Divide and conquer algorithm

Question

Let $L_{1},L_{2},...,L_{n}$ be a sequence of numbers, and let $i, j$ be the indexes such that $1 \leq i<j \leq n$.

I need to find the amount of numbers that satisfy $L_{i}<2 L_{j}$ with time complexity $\mathcal O\,(n \cdot log(n))$

Answer 1

As the title suggests you will need to apply a divide and conquer idea. So the difficult part is the merge part.
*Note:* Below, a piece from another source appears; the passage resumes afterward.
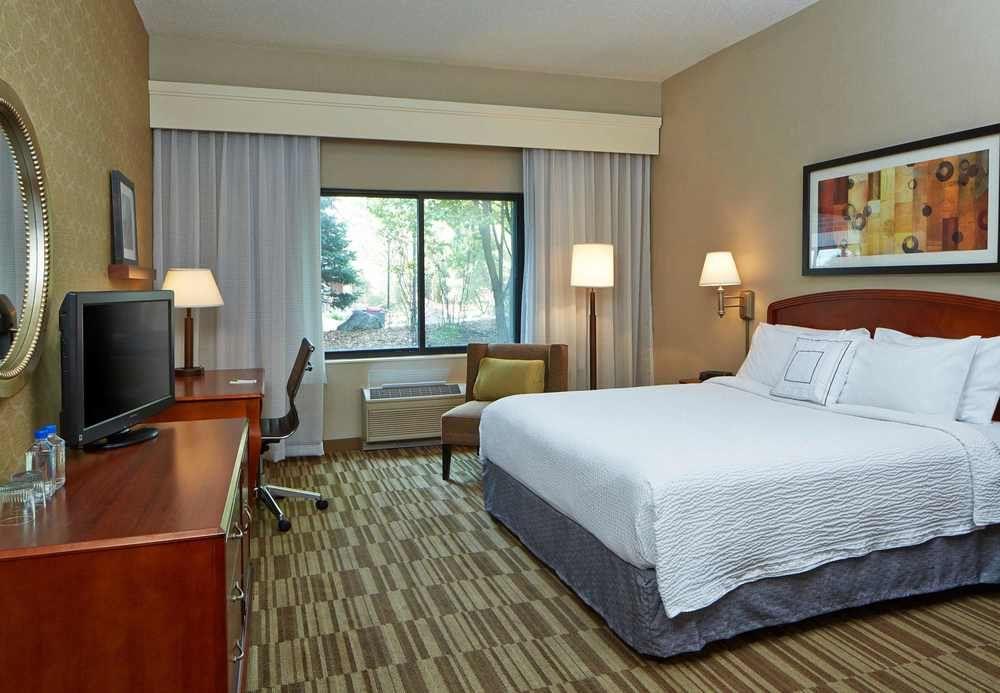 คอร์ตยาร์ด มินนิอาโปลิส เซนต์พอล/โรสวิลล์ Hotel ภายนอก รูปภาพ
Let the following pseudo-code

Function solve
Input : L[1...n] a list
Output : Sorted copy of L and the number of indexes (i,j) such that i<j and L[i]<2L[j]
If n == 1:
   return L, 0
A, m := solve(L[1...n/2])
B, p := solve(L[n/2+1...n])
i := 1
j := 1
t := 0
u := 0
While(i <= len(A) and j <= len(B)):
   if A[i] < 2 * B[j]:
      i := i+1
      t := t+1
   else:
      j := j+1
      u := u+t
While(j <= len(B)):
   j := j + 1
   u := u + t
C = merge(A,B) //to have a sorted copy of L
return C, m+p+u

Since the merge is done in $\mathcal O(n)$ so the complexity is $\mathcal O(n\log(n))$.